Friends, colleagues and students who would like to remember Ellen Prince by making a charitable donation are asked to donate to the American Lung Association.



10 Comments

  1. Z. D. Smith said,

    October 27, 2010 @ 6:58 pm

    Whether on the Yiddish mailing list, Mendele, of which she was one of the true backbones, or in her own writing, Ellen Prince consistently provided the most optimal combination of erudition and communicative humanity on nearly every topic. I was excited whenever I saw her byline, because I knew that if she was addressing a novice, or someone with no linguistic background, that she would provide them with an answer that was not only right, but understandable; and if she was writing in a higher, scientific mode, that I would learn something myself in the most enjoyable way. I'm very sad that I won't be seeing her byline again.

  2. Lance said,

    October 27, 2010 @ 7:36 pm

    To my sorrow, I never managed to meet Ellen, though I sat in her office for a year and a half under her signed photo of Woody Allen. But I don't need to have met her to feel a profound sense of loss at her passing, and I can only hope that I did her office (and Woody, my adopted patron saint) justice.

  3. Marisa said,

    October 27, 2010 @ 10:08 pm

    So sorry to hear it!

  4. Faith said,

    October 27, 2010 @ 11:03 pm

    כבֿוד איר אַנדענק

  5. bjr said,

    October 27, 2010 @ 11:29 pm

    I'm saddened to hear of Prof. Prince's passing. She taught the Intro to Linguistics course I took c. 1980.
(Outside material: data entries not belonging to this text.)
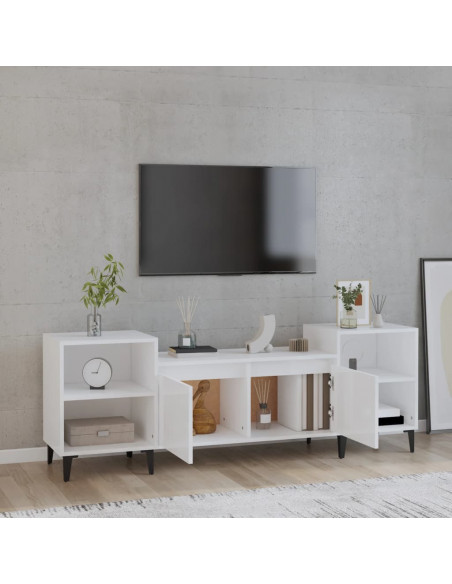 Mobile Porta TV Bianco Lucido 160x35x55 cm in Legno Multistrato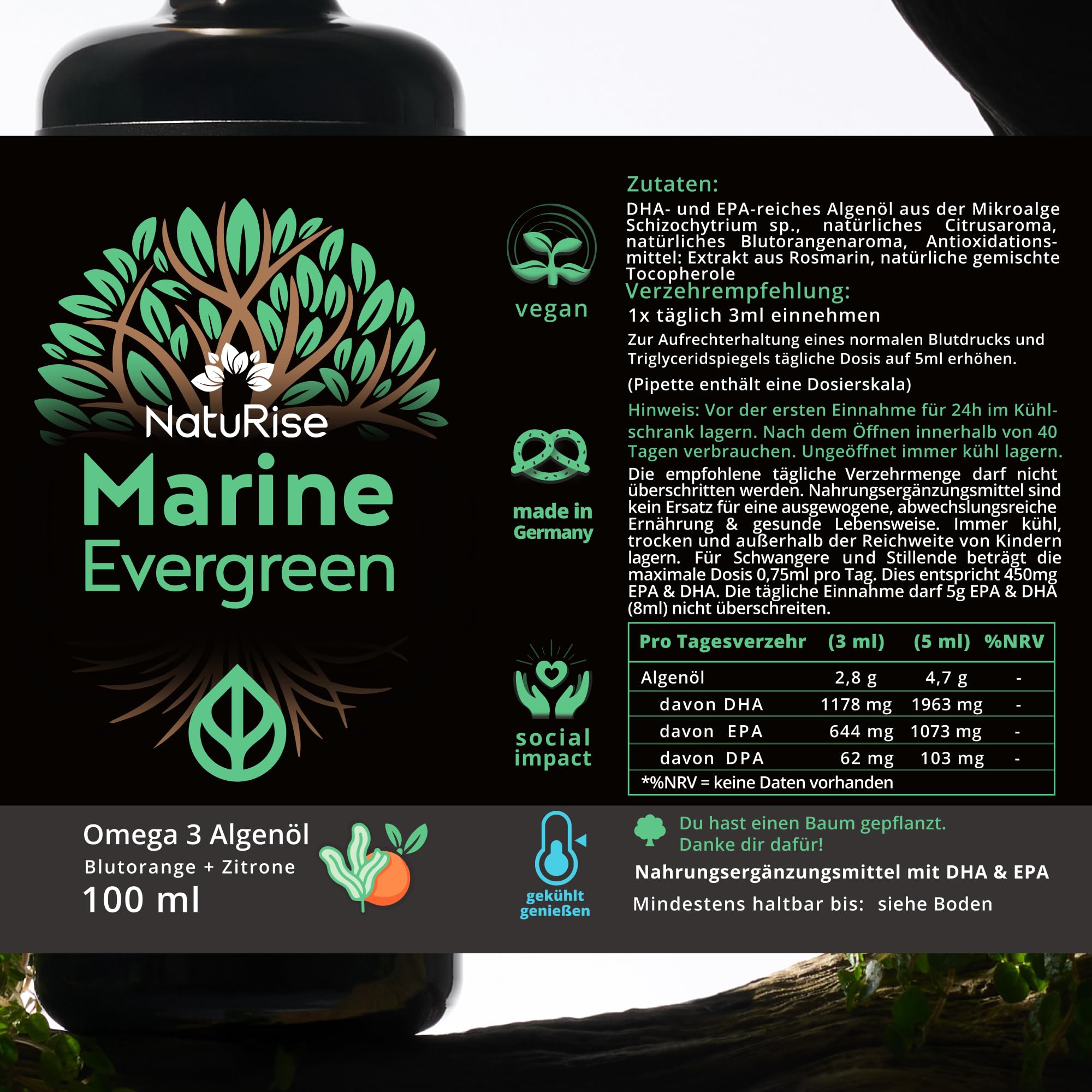NatuRise® Omega 3 Vegan - 4700mg Algenöl pro Tag davon 3139mg Omega 3 (DHA, EPA & DPA) - Hochdosiert – 100ml – Laborgeprüft– Pipette mit Dosierskala - UV-Glas (Blutorange & Zitrone)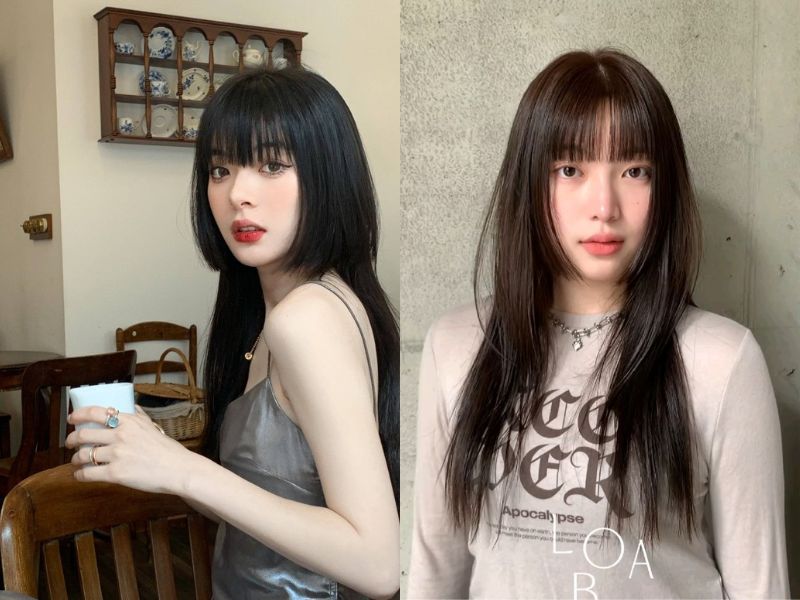 tóc hime mái bằng cho mặt dài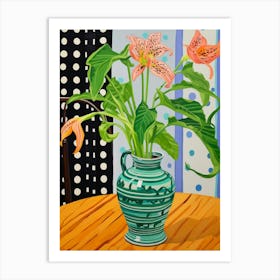 Flowers In A Vase Still Life Painting Gloriosa Lily 1 Art Print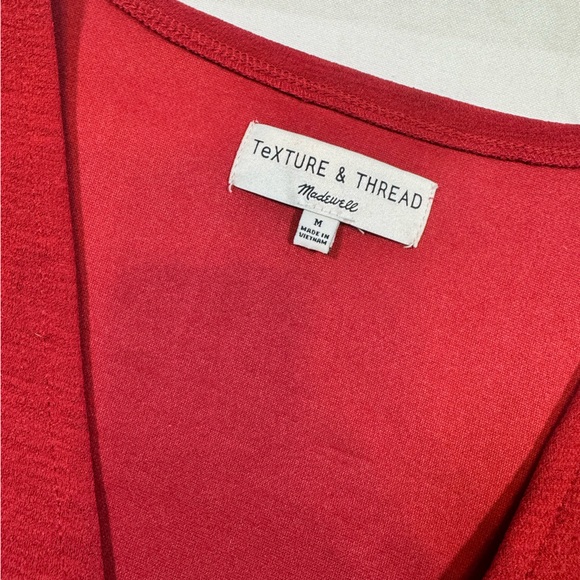 Madewell Texture & Thread Red V-Neck Wrap Blouse - Picture 6 of 11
  6. Ellen F. Prince – Society for Linguistic Anthropology said,

    October 28, 2010 @ 10:02 pm

    […] Philadelphia on Sunday 24 October. The Linguistics Society of America (via an email to members) and Language Log have reproduced an announcement from the University of […]

  7. Martin van den Berg said,

    October 29, 2010 @ 12:10 am

    She was a wonderful person, whose company I always enjoyed. The first time we met, during a workshop the 1991 LSA Summer Institute, we immediately bonded over the fact that both our fathers had been diamond cutters. Her work on narrative was an inspiration to me. I hadn't been in contact with her in the last couple of years, and I am really sorry that now I will not be able to see her again.

  8. J. Goard said,

    October 29, 2010 @ 11:11 pm

    A true giant. Her work has been enormously influential on my views about nominal reference. Although I'm just getting started, and (as far as I know) have never been in her vicinity, I deeply regret missing the chance to meet her.

    My condolences to those who knew her personally.

  9. Kieran Snyder said,

    October 31, 2010 @ 2:50 pm

    I was so sorry to learn this. Ellen influenced my thinking profoundly – I'll remember her as a linguist, sure, but also as a rose cultivator, a car mechanics expert, a Brooklyn storyteller, a friend, and a seriously tough cookie with a secret soft side. I'll miss her greatly.

  10. Chengzhou Shi said,

    March 20, 2012 @ 9:59 pm

    I am extremely sorry to hear of Professor Ellen Prince's passing. I never met her but I will remember her forever. Her work on information statuses in discourse has been so influential on my research into information packaging in Chinese.